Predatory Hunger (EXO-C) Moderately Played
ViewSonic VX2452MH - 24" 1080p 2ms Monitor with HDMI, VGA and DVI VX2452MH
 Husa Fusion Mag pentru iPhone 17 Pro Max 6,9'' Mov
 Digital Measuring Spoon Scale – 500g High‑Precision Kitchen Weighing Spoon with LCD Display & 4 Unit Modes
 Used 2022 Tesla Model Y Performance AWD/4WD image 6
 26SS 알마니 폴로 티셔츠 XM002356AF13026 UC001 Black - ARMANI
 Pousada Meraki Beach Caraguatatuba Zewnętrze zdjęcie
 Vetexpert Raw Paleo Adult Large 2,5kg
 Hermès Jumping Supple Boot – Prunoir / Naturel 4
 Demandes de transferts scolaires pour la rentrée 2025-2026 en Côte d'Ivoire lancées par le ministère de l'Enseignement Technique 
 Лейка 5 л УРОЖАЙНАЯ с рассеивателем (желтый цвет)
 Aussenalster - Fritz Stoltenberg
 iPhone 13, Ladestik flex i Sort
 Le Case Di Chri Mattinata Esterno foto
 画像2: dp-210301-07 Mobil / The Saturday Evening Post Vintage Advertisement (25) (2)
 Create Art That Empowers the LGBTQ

EXERCISE OBJECTIVE -
Only the number of lines above that contain "with" should be given as the answer.

WRITTEN RESPONSE -
2